Citation : 2023 Latest Caselaw 6221 Raj
Judgement Date : 23 August, 2023

Rajasthan High Court - Jodhpur
Chena vs State Of Raj on 23 August, 2023
Bench: Nupur Bhati

HIGH COURT OF JUDICATURE FOR RAJASTHAN AT JODHPUR S.B. Civil Writ Petition No. 9106/2016

Chena S/o Shri Rupa Bheel, R/o Titardi, Tehsil Girwa District Udaipur.

----Petitioner Versus State Of Rajasthan Through Tehsildar, Girwa, District Udaipur.

                                                                ----Respondent


For Petitioner(s)         :    Mr. Deelip Kawadia
                               Ms. Rakhi Chowdhary
For Respondent(s)         :    Mr. R.D Bhadu, GC



             HON'BLE DR. JUSTICE NUPUR BHATI

                                    Order

23/08/2023



1. The present writ petition is filed under Articles 226 and 227 of

the Constitution of India claiming following reliefs:

"It is, therefore, most humbly and respectfully prayed that this writ petition of the petitioner may kindly be allowed and

A. By an appropriate writ order or direction, the order dated 11.05.2012 passed by learned Divisional Commissioner (Annex.6), order dated 25.03.2015 (Annex.7) and order dated 18.04.2016 (Annex.8) passed by the learned Board of Revenue may kindly be quashed and set aside.

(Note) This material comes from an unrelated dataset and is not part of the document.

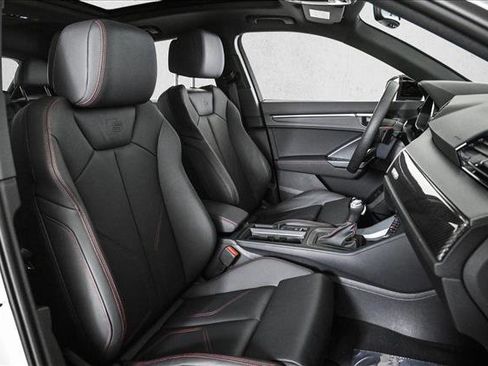 Certified 2025 Audi Q3 2.0T Premium Plus w/ Premium Plus Package image 22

B. Further, by an appropriate writ order or direction, the order dated 27.10.2006 (Annex.3) passed by the learned SDM, Tehsil Girwa District Udaipur may kindly be restored and the application under Section 5 of the Limitation Act filed by the respondent State may kindly be dismissed with costs.

(2 of 14) [CW-9106/2016]

C. Any other appropriate writ order or direction, which the Hon'ble Court deems fit, may kindly be passed in favour of the petitioner."

2. The factual matrix of the case is that the petitioner had been in

possession of the land situated in Arazi No.3054 and 3231/3052 of

revenue village Titardi, Tehsil Girwa District Udaipur. The said land

was earlier recorded in the name of the petitioner and the Sabik

Arazi number of the said land was 1127/7. The aforesaid land was

wrongly marked as Belanam Government land during settlement

and thereafter, the petitioner made an application dated

18.07.2006 for correction in the revenue entries before the Sub

Divisional Magistrate (hereinafter referred to as 'SDM'), Tehsil

Girwa District Udaipur. Then, the SDM vide endorsement dated

20.07.2006 referred the matter to Patwari concerned.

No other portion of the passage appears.